- (Photo: Reuters)
The House of Representatives will vote Friday on whether or not it will extend the College Cost Reduction and Access Act which was passed in 2007, and fixes loan rates at 3.4 percent.
If Congress fails to extend the 2007 act, student borrowers could face interest rates that are double the current rates being offered. It is important to note, however, that not all student borrowers will be affected by the change.
If the act is not extended, outstanding loans will not be affected. Student who will be affected by the vote are those who are applying for new loans and considering taking out a federal Subsidized Stafford loan- other federal loans will not be affected.
Subsidized Stafford loans are typically made available to those students whose families fall into a lower income bracket. Students attempting to attend a more expensive university which places a large gap between their parent's income and the cost of tuition may also qualify.
According to President Obama, the increased interest rate on the loans would equate to the total of an additional $1,000 a year and could affect over 7 million students.
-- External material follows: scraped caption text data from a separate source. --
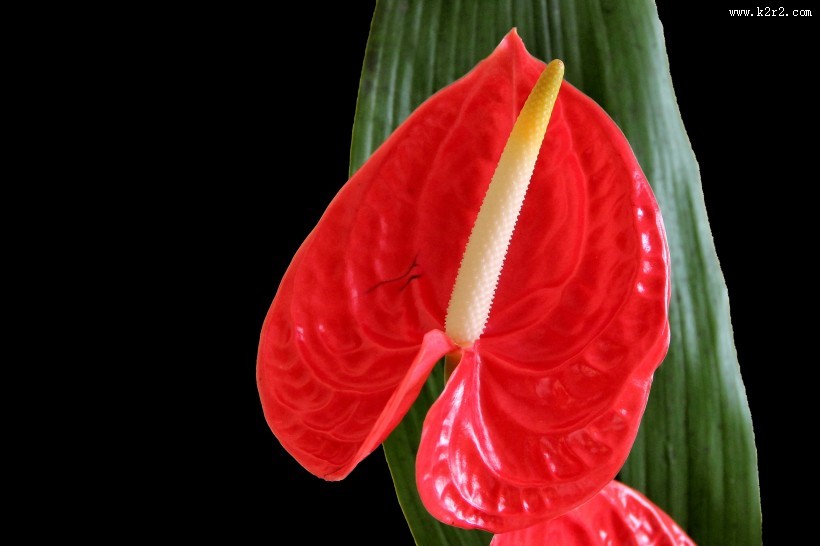 鲜艳的红掌花图片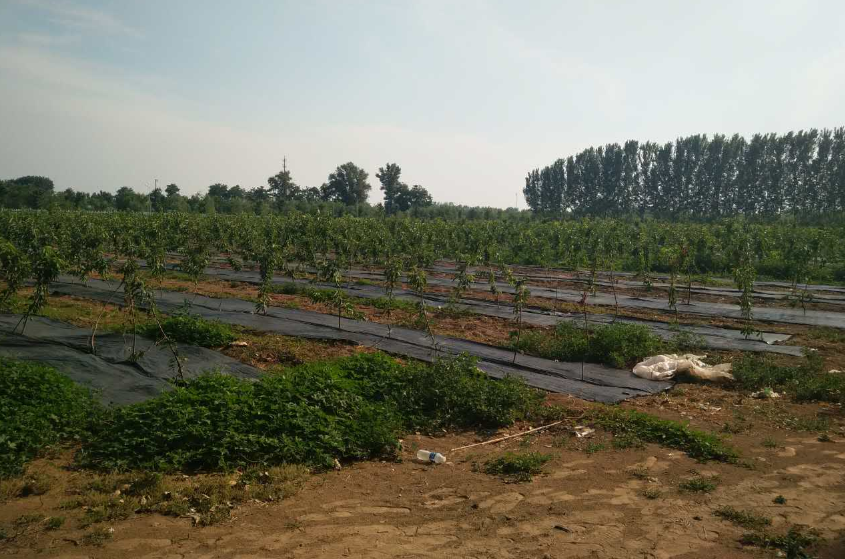 無土栽培，無土栽培技術，無土栽培設備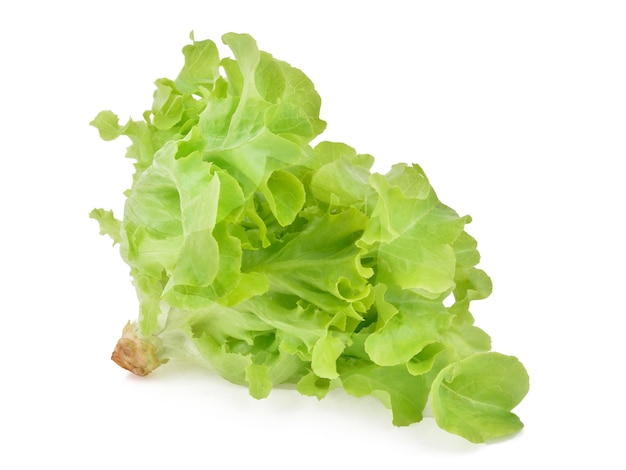 Green oak lettuce isolated.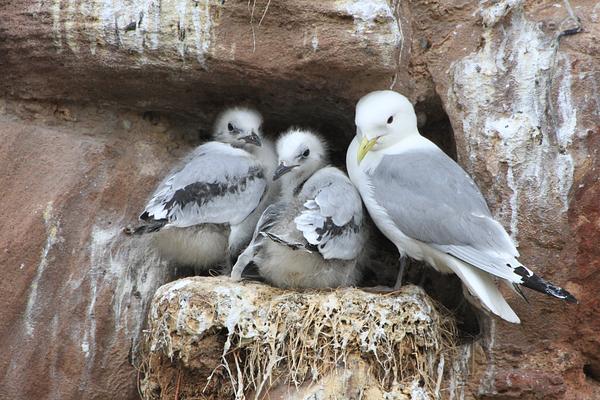 An adult kittiwake standing on the edge of a nest with two fluffy chicks 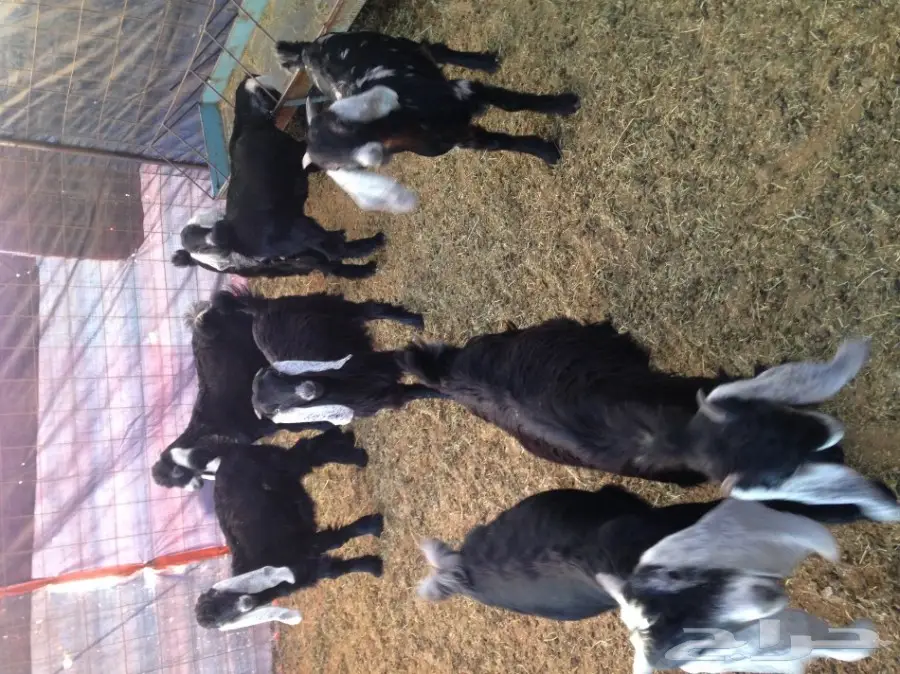 تيوس مندي (image 1)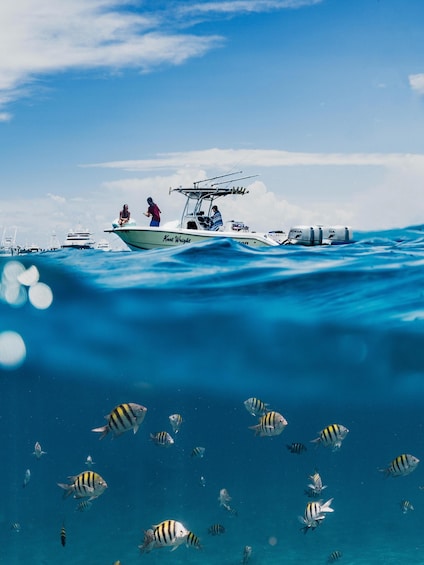 Deep-Sea Fishing Morning Tour on Private Basis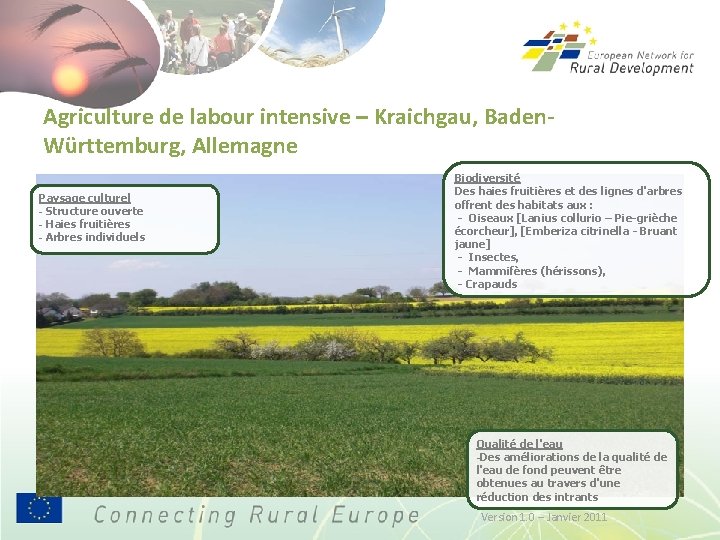 Agriculture de labour intensive – Kraichgau, Baden. Württemburg, Allemagne Paysage culturel - Structure ouverte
Jason Delisle of the New American foundation, which focuses on next wave policy issues, said during an NPR interview that the amount is actually quite small when considered on a month to month basis. He suggested that the extension of the act was a "poorly targeted subsidy" because it translates to only $9 a month.
Delisle also suggested that the conversations surrounding the renewal of the act were "irresponsible" because the extension would only last for one year and would cost the government $6 billion.
As part of his campaign however, Obama has recently been trying to reach out to America's youth. His stance on student loans could drastically affect the impression that he makes on those concerned with student debt.